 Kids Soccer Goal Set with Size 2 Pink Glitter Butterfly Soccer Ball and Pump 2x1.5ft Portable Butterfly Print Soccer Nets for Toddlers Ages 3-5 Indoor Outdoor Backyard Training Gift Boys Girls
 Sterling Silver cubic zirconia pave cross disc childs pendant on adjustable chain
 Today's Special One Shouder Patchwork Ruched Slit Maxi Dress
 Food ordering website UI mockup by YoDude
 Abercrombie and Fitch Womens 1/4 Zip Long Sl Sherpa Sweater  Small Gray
* * *
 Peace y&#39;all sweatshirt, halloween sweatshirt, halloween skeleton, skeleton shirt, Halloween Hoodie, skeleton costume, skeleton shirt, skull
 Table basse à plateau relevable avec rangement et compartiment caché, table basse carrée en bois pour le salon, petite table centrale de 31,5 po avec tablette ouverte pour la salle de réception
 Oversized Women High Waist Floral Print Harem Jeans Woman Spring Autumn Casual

[Goal of the exercise]: Which lines in the listing hold the word "Print"? Copy them out.

[Solution]:
 Kids Soccer Goal Set with Size 2 Pink Glitter Butterfly Soccer Ball and Pump 2x1.5ft Portable Butterfly Print Soccer Nets for Toddlers Ages 3-5 Indoor Outdoor Backyard Training Gift Boys Girls
 Oversized Women High Waist Floral Print Harem Jeans Woman Spring Autumn Casual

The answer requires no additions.